Those can just appear sometimes. I have that warning myself. The only time to worry about it is if you have something like MSI Afterburner, AMD "Gaming Evolved", SweetFX, Overwolf, etc installed. If you do, should uninstall them as they can impact performance and capture stability.
Glad to hear the green-dots problem was just the HDMI connection after all! Saves a couple bucks.
Can just run with your current settings and everything should be fine now. If you want to optimize further though, two things. First, disable CFR. Twitch needs CBR, but CFR is just there if you're locally recording and want to edit the videos you've saved with a 'picky' video editing suite, like Sony Vegas. It doesn't make much difference if it's on or off, but it can smooth things out just a little more.
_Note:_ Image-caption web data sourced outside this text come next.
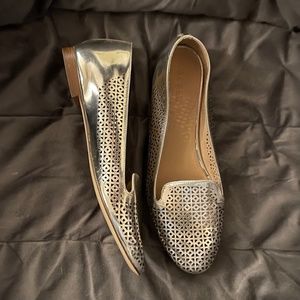 J. CREW Silver Metallic Flats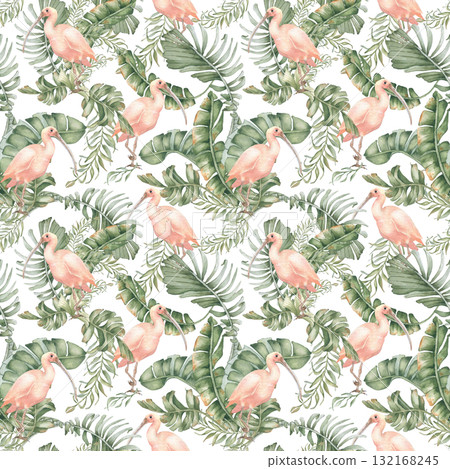 Exotic jungle seamless pattern isolated on white. Pink ibis and palm trees watercolor hand painted. Tropical motif repeated background for fabric beach style, wallpaper, and boho home textiles. 132168245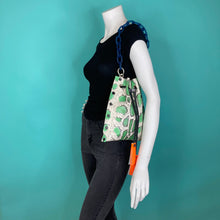 Seafoam Green Snakeprint leather Drawstring Crossbody Bag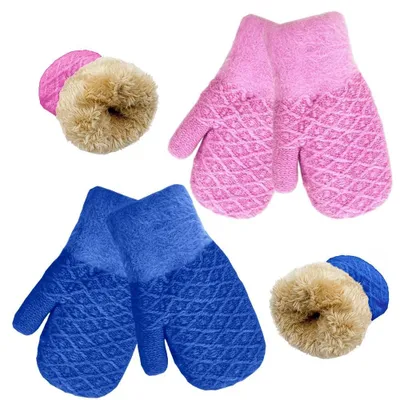 Imagen del producto de Omgoods - Set de 2 pares de gorros y guantes para niños - Forro polar cálido para niños y niñas de 3 a 7 años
Second, and more quality-based, you have an i7-4790K. It's almost certain that it will be able to handle a lower x264 preset than Veryfast. I'd recommend going down to Faster, then do a test stream at least 20 minutes long of actual heavy gameplay. Watch your CPU temperature, throttling and load. If it's fine, then go down another step. The slower the preset, the more CPU it uses, but the better compression it uses, so your stream's video quality will be higher. You generally want to shoot for 60-80% CPU load as a safe point, with the option to run up to 90% load. Want to leave some safe margin for any game you're playing on the machine (and shouldn't use the Magewell for on-system gaming; Game or Window Captures are much more efficient and lower-overhead), but the slower you go on the preset without over-loading the system, the better. I'd spitball-guess you'll probably be able to hit Medium at least, but do test each step.
Likewise, if possible gaming and streaming at 'native resolution' is going to give you the best possible picture quality on-stream. Consider running your console in 720p mode, cap card the same, and OBS also with a base resolution of 720p. Everything will be much crisper and clearer for your viewers; a downscale is a noticeable quality loss beyond just the lower resolution. It's mostly there for those on-PC gaming on a 1080p monitor who don't want to deal with playing their game at 1280x720; something that really shouldn't be a problem as far as console gaming is concerned, since most are optimized for each resolution level, and many just don't/can't run at actual 1080 with a good framerate anyway (looking at you, XBone).